3dp Continuous run time


Just set my first model going. It say the run time is 44 hours. It’s it ok to leave the machine running this long? Does it need cool down periods or will it take care of itself?



Something that large probably isn’t the best choice for a first print, but since you’ve already started it, I guess we’ll go with it. The machine should be okay 3D-printing continuously for that long by my understanding.

Do watch the first couple of layers, and then check the print periodically to make certain that nothing’s gone wrong.
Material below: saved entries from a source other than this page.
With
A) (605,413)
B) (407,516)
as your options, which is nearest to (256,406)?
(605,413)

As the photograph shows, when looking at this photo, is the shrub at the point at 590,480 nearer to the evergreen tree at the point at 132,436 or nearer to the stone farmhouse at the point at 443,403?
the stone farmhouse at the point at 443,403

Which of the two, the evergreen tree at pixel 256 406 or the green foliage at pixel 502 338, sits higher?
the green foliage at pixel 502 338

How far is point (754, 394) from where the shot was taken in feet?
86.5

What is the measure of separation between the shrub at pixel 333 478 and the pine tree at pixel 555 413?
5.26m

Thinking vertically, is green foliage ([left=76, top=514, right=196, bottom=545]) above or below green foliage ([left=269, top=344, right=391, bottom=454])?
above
Common failure modes are: initial layer failing because the nozzle isn’t at the right distance from the build plate, filament breaking off (you can recover from that one), filament getting stripped inside the head so that it won’t continue to feed, and the nozzle hitting the print and knocking it over.
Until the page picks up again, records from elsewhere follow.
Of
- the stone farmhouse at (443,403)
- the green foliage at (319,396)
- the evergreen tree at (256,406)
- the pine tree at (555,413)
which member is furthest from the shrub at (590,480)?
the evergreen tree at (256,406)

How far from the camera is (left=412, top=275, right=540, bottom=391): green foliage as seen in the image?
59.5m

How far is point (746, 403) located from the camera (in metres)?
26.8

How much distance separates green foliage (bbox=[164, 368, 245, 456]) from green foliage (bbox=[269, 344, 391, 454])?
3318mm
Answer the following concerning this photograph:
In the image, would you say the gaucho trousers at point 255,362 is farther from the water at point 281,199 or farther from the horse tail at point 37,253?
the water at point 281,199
Tbh, I didn’t know it would take that long otherwise I probably would have gone with something else.

Is there anyway to speed up future prints?

I think most of the things I’ll end up printing will be on the larger side.

Well, the movement speeds Luban uses by default are conservative, and you may be able to push them up a bit—see various threads like https://forum.snapmaker.com/t/a-350t-print-speed-suggestions/25110 and https://forum.snapmaker.com/t/speed-limits-on-sm2/5120. This may lower print quality.

The “fast” print setting obviously is faster than the others, in part because it uses thicker layers, and therefore doesn’t have to lay down as many of them. Again, there’s a quality/speed tradeoff.

If you’re trying to print something that needs supports in its default position, and you can rotate it to a position where it doesn’t need supports, do so—that reduces the amount of plastic squirted out, so it both speeds things up and wastes less filament. There may be some tradeoffs involving mechanical strength and print direction, though.

You can also buy a nozzle with a larger aperture than the 0.4mm that the Snapmakers ship with, so that you can lay down more plastic faster. You’ll need to use a more advanced slicer like Cura if you take this route, because Luban can’t handle it. All Snapmaker models take MK8 nozzles. (As you may have guessed, there’s another speed/quality tradeoff here.)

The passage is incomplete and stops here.